» **What you have to do**:
Restate the entries below exactly. Images are not part of the copy.

» **Task material**:
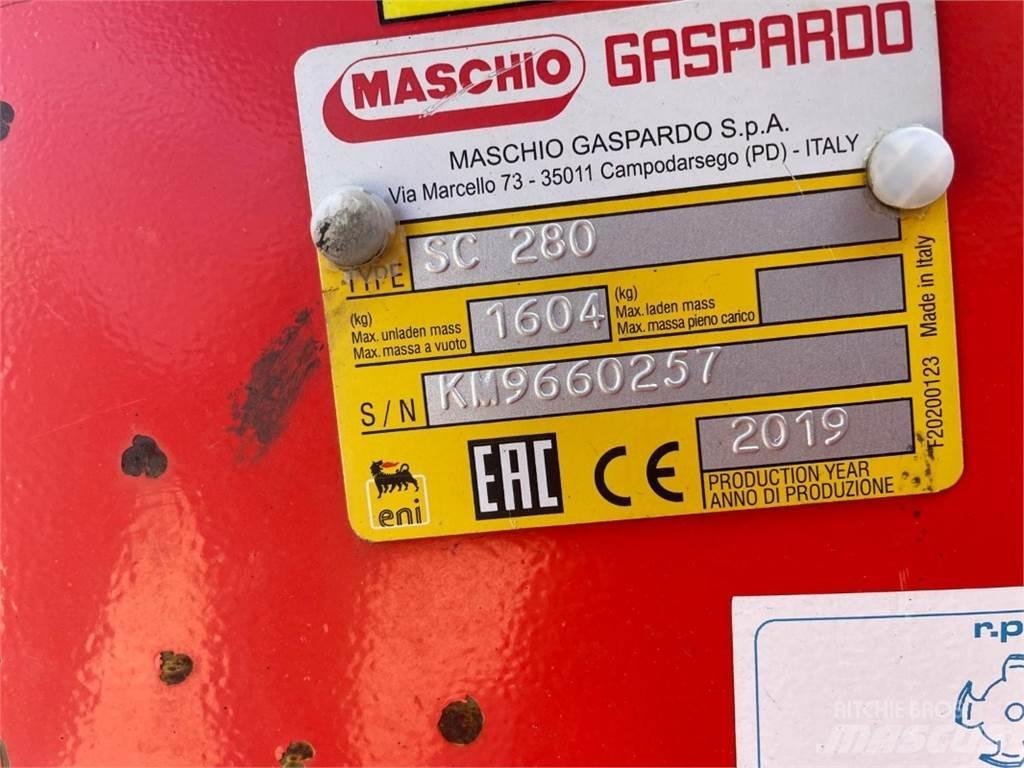 Maschio SC280 Muut maanmuokkauskoneet ja lisävarusteet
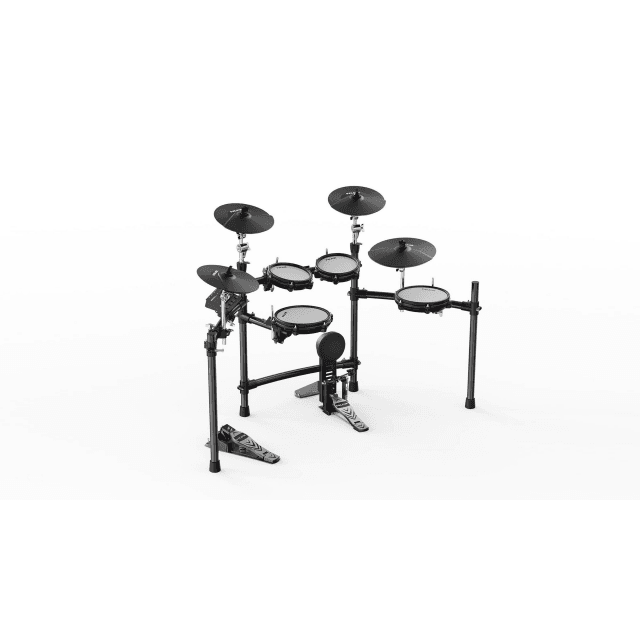 All-mesh digital drumkit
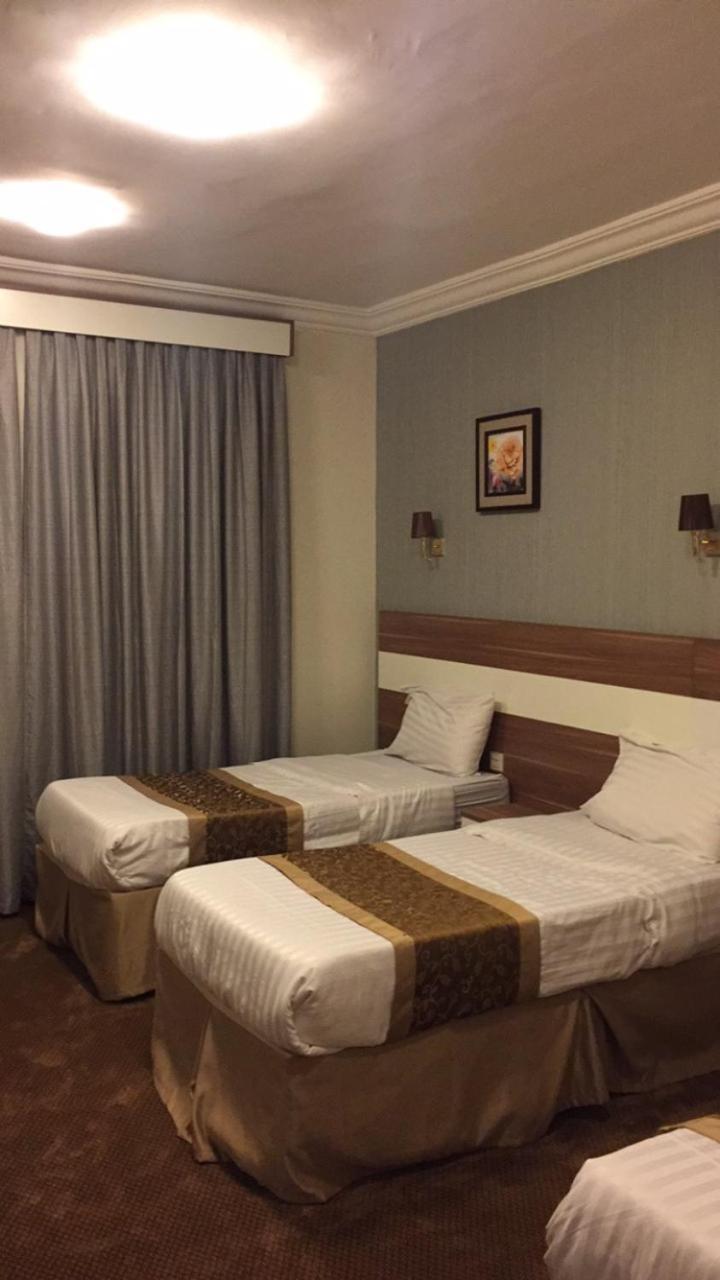 Hotel فندق الماسة المكية Mekka Zewnętrze zdjęcie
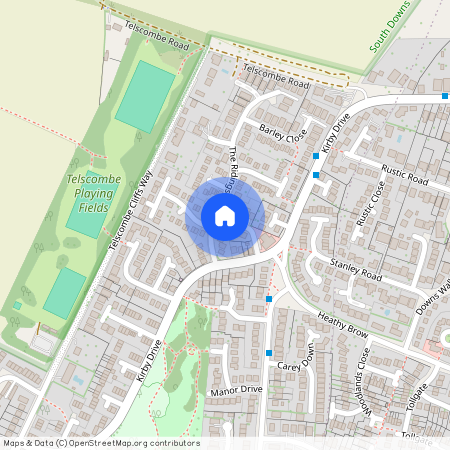 The Ridings, Telscombe Cliffs, Peacehaven, BN10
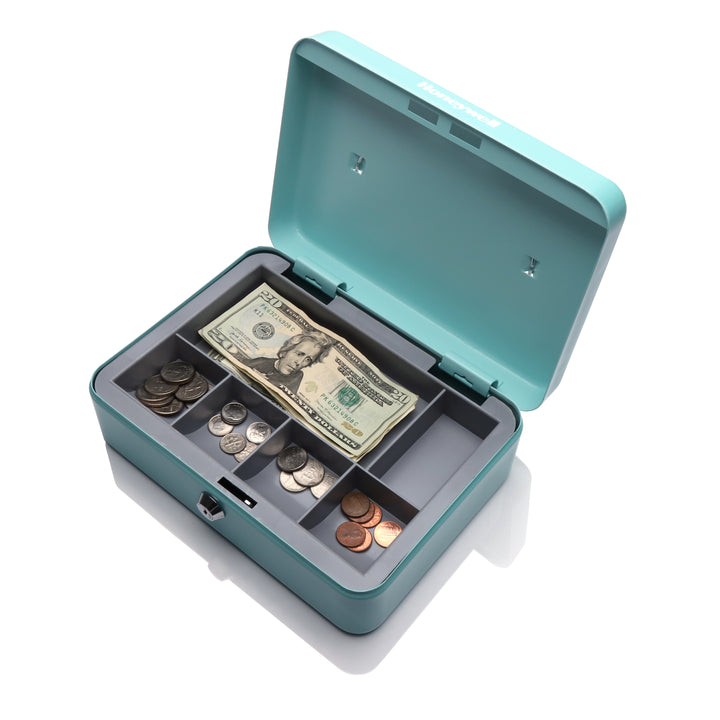 Mobile Cash Box (6112TL) – Honeywell Safes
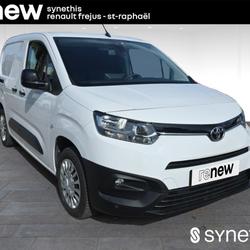 Toyota Proace City PROACE CITY MEDIUM 1.2L 110 VVT-i BVM6 DYNAMIC Fr&eacute;jus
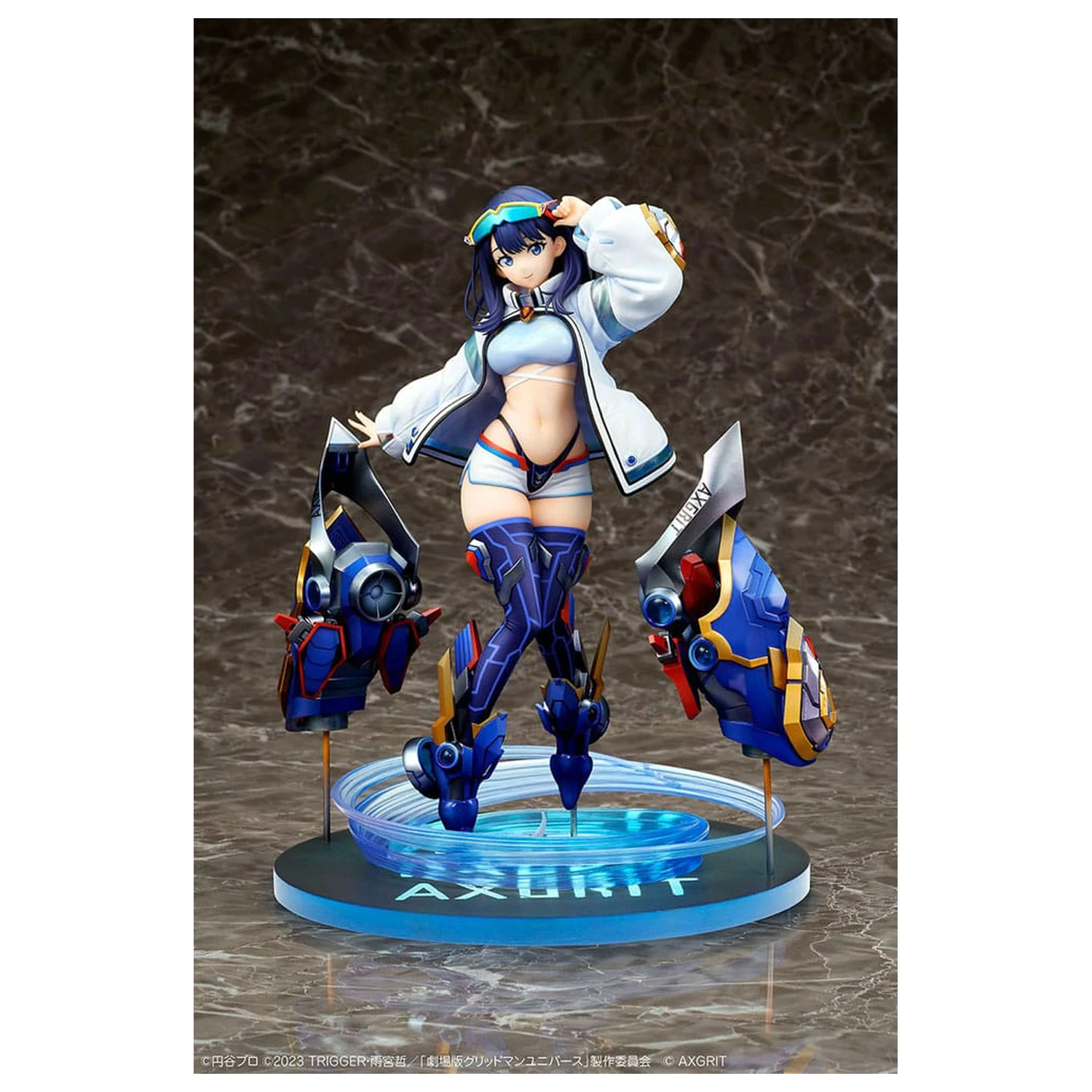 Wandering Witch: The Journey of Elaina PVC kip 1/7 Rikka Takarada AXGRIT Ver. 24 cm fotografija izdelka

» **Answer to the exercise**:
 Maschio SC280 Muut maanmuokkauskoneet ja lisävarusteet
 All-mesh digital drumkit
 Hotel فندق الماسة المكية Mekka Zewnętrze zdjęcie
 The Ridings, Telscombe Cliffs, Peacehaven, BN10
 Mobile Cash Box (6112TL) – Honeywell Safes
 Toyota Proace City PROACE CITY MEDIUM 1.2L 110 VVT-i BVM6 DYNAMIC Fr&eacute;jus
 Wandering Witch: The Journey of Elaina PVC kip 1/7 Rikka Takarada AXGRIT Ver. 24 cm fotografija izdelka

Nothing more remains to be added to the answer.